▶ What needs to be done
The entries below are to be copied exactly, with nothing left out.

▶ Given records
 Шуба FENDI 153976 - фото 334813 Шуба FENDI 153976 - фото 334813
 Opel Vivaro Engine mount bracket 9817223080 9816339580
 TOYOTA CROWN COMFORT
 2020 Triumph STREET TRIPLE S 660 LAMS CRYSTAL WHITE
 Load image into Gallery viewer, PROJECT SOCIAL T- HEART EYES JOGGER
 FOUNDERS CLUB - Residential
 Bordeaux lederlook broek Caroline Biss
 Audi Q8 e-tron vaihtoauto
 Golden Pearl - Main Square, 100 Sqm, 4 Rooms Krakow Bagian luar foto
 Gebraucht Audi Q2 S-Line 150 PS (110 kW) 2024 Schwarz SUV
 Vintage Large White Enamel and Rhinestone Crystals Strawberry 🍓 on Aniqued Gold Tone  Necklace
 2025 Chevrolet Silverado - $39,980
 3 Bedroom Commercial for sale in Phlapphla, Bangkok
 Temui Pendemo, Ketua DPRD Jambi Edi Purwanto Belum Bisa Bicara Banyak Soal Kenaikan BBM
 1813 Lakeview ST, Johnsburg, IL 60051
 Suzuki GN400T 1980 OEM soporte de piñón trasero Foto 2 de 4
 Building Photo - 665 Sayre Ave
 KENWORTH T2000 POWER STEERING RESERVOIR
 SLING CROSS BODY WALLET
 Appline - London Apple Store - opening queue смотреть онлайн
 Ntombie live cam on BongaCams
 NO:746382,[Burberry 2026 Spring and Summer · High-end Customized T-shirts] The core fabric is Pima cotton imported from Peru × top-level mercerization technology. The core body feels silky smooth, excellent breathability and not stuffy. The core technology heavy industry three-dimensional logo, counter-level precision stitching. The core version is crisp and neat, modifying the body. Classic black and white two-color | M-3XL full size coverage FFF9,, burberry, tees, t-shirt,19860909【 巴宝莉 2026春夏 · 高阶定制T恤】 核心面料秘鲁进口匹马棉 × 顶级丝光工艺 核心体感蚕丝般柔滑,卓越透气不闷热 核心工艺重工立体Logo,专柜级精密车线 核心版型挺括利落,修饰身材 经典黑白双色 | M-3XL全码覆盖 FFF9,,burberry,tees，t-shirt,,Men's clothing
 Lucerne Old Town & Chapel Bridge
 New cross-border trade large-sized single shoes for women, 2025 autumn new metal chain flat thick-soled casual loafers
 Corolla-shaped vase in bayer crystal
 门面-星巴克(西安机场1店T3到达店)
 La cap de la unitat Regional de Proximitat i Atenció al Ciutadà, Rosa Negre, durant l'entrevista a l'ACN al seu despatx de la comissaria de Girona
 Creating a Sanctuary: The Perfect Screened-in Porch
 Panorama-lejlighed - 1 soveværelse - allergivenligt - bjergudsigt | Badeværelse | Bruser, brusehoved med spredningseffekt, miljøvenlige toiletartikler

▶ Answer for the task
 Шуба FENDI 153976 - фото 334813 Шуба FENDI 153976 - фото 334813
 Opel Vivaro Engine mount bracket 9817223080 9816339580
 TOYOTA CROWN COMFORT
 2020 Triumph STREET TRIPLE S 660 LAMS CRYSTAL WHITE
 Load image into Gallery viewer, PROJECT SOCIAL T- HEART EYES JOGGER
 FOUNDERS CLUB - Residential
 Bordeaux lederlook broek Caroline Biss
 Audi Q8 e-tron vaihtoauto
 Golden Pearl - Main Square, 100 Sqm, 4 Rooms Krakow Bagian luar foto
 Gebraucht Audi Q2 S-Line 150 PS (110 kW) 2024 Schwarz SUV
 Vintage Large White Enamel and Rhinestone Crystals Strawberry 🍓 on Aniqued Gold Tone  Necklace
 2025 Chevrolet Silverado - $39,980
 3 Bedroom Commercial for sale in Phlapphla, Bangkok
 Temui Pendemo, Ketua DPRD Jambi Edi Purwanto Belum Bisa Bicara Banyak Soal Kenaikan BBM
 1813 Lakeview ST, Johnsburg, IL 60051
 Suzuki GN400T 1980 OEM soporte de piñón trasero Foto 2 de 4
 Building Photo - 665 Sayre Ave
 KENWORTH T2000 POWER STEERING RESERVOIR
 SLING CROSS BODY WALLET
 Appline - London Apple Store - opening queue смотреть онлайн
 Ntombie live cam on BongaCams
 NO:746382,[Burberry 2026 Spring and Summer · High-end Customized T-shirts] The core fabric is Pima cotton imported from Peru × top-level mercerization technology. The core body feels silky smooth, excellent breathability and not stuffy. The core technology heavy industry three-dimensional logo, counter-level precision stitching. The core version is crisp and neat, modifying the body. Classic black and white two-color | M-3XL full size coverage FFF9,, burberry, tees, t-shirt,19860909【 巴宝莉 2026春夏 · 高阶定制T恤】 核心面料秘鲁进口匹马棉 × 顶级丝光工艺 核心体感蚕丝般柔滑,卓越透气不闷热 核心工艺重工立体Logo,专柜级精密车线 核心版型挺括利落,修饰身材 经典黑白双色 | M-3XL全码覆盖 FFF9,,burberry,tees，t-shirt,,Men's clothing
 Lucerne Old Town & Chapel Bridge
 New cross-border trade large-sized single shoes for women, 2025 autumn new metal chain flat thick-soled casual loafers
 Corolla-shaped vase in bayer crystal
 门面-星巴克(西安机场1店T3到达店)
 La cap de la unitat Regional de Proximitat i Atenció al Ciutadà, Rosa Negre, durant l'entrevista a l'ACN al seu despatx de la comissaria de Girona
 Creating a Sanctuary: The Perfect Screened-in Porch
 Panorama-lejlighed - 1 soveværelse - allergivenligt - bjergudsigt | Badeværelse | Bruser, brusehoved med spredningseffekt, miljøvenlige toiletartikler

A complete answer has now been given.